> TASK DETAILS
Transcribe exactly, please, the lines from the one containing "Halcyon Trim Weight Pockets (Pair) - Infinity" through the end of the records below, and leave out the pictures.
RECORD EXTRACTS Start Marker
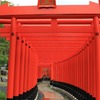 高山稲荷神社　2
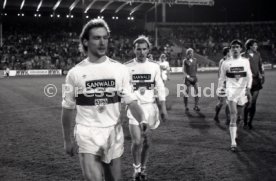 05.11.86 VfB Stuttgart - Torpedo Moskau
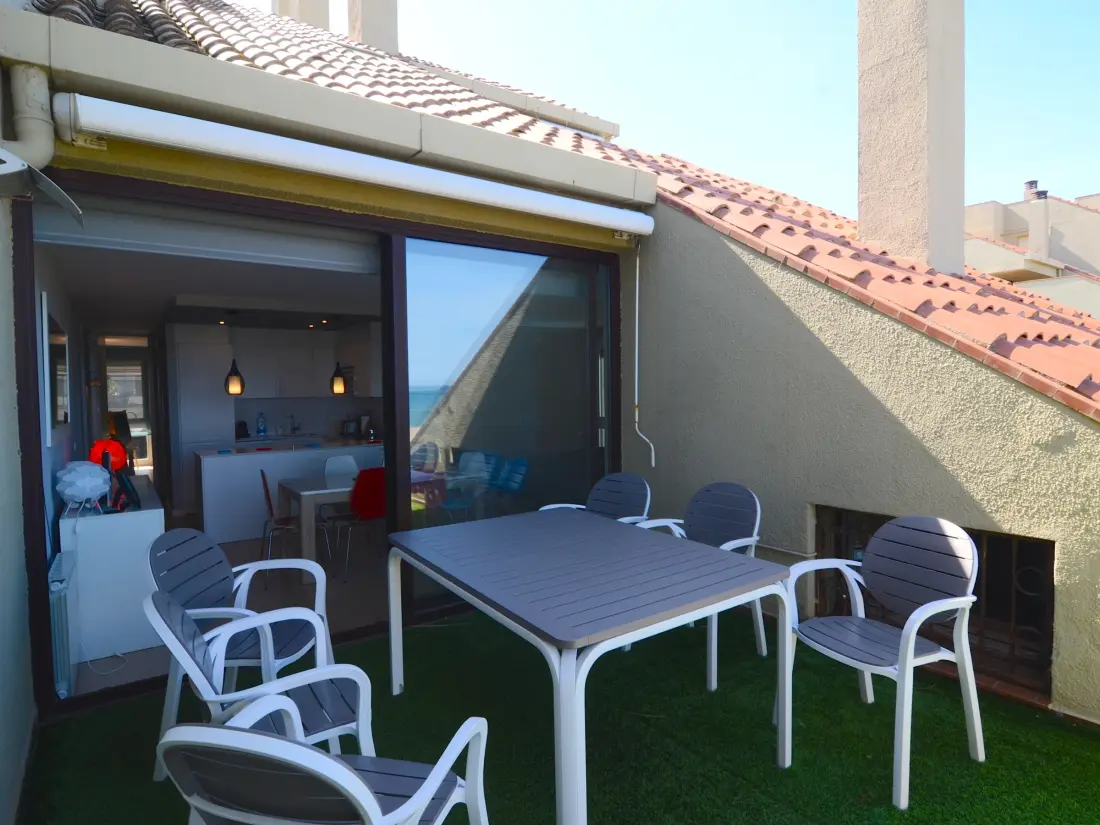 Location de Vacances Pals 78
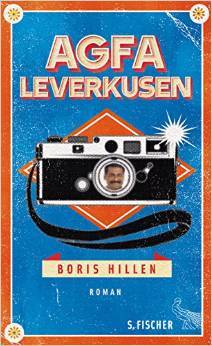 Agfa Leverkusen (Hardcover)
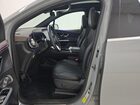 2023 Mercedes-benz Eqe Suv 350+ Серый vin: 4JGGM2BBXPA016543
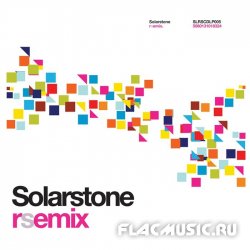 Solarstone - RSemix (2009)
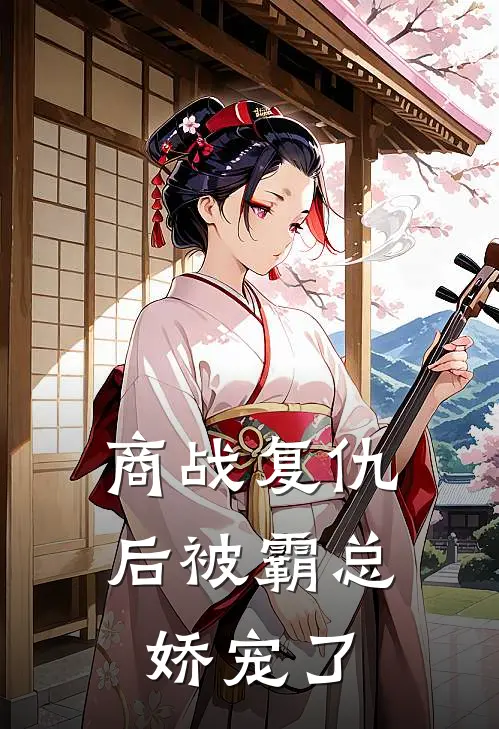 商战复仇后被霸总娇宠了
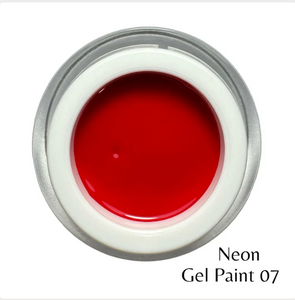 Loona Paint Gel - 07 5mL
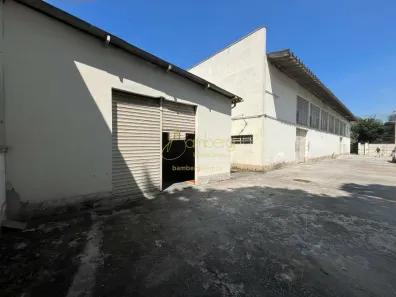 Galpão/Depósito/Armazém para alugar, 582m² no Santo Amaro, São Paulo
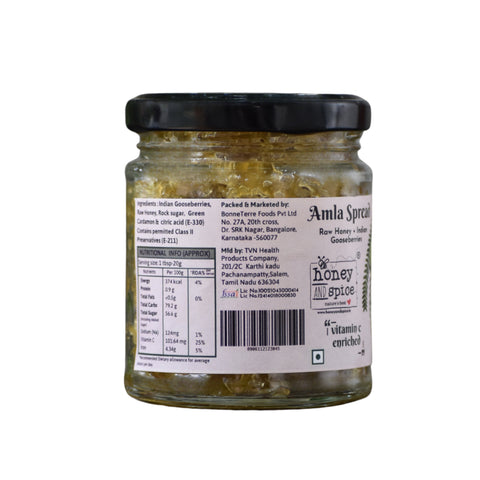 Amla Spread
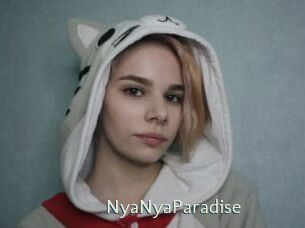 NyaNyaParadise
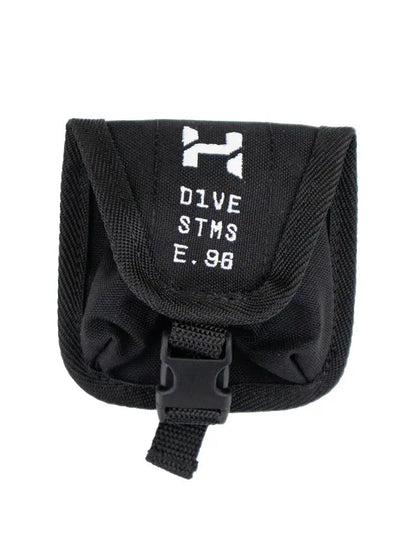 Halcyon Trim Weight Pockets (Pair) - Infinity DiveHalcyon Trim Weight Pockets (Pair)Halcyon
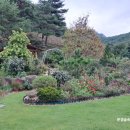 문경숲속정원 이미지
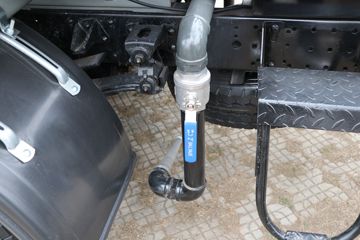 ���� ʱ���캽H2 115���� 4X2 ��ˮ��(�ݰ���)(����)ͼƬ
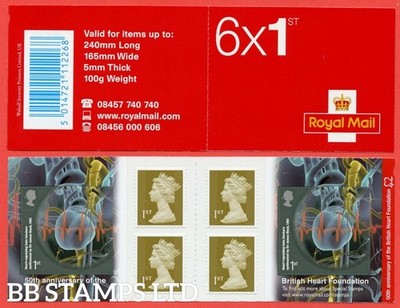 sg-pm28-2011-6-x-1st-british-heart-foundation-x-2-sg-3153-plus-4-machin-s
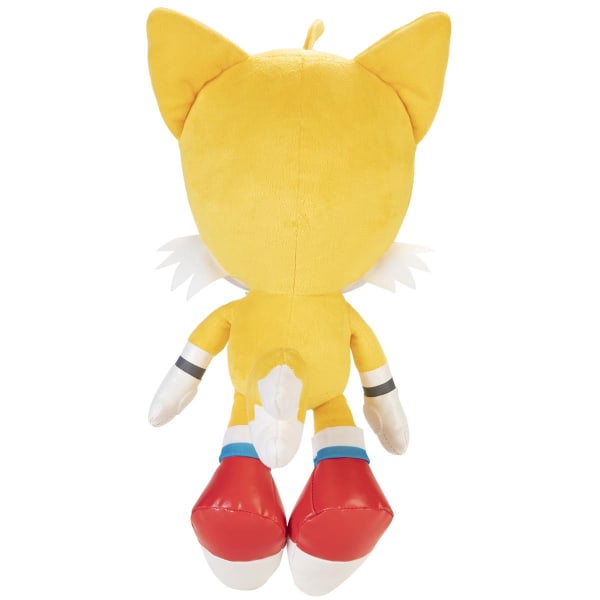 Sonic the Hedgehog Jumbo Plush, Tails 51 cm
RECORD EXTRACTS End Marker
> ANSWER SECTION
 Halcyon Trim Weight Pockets (Pair) - Infinity DiveHalcyon Trim Weight Pockets (Pair)Halcyon
 문경숲속정원 이미지
 ���� ʱ���캽H2 115���� 4X2 ��ˮ��(�ݰ���)(����)ͼƬ
 sg-pm28-2011-6-x-1st-british-heart-foundation-x-2-sg-3153-plus-4-machin-s
 Sonic the Hedgehog Jumbo Plush, Tails 51 cm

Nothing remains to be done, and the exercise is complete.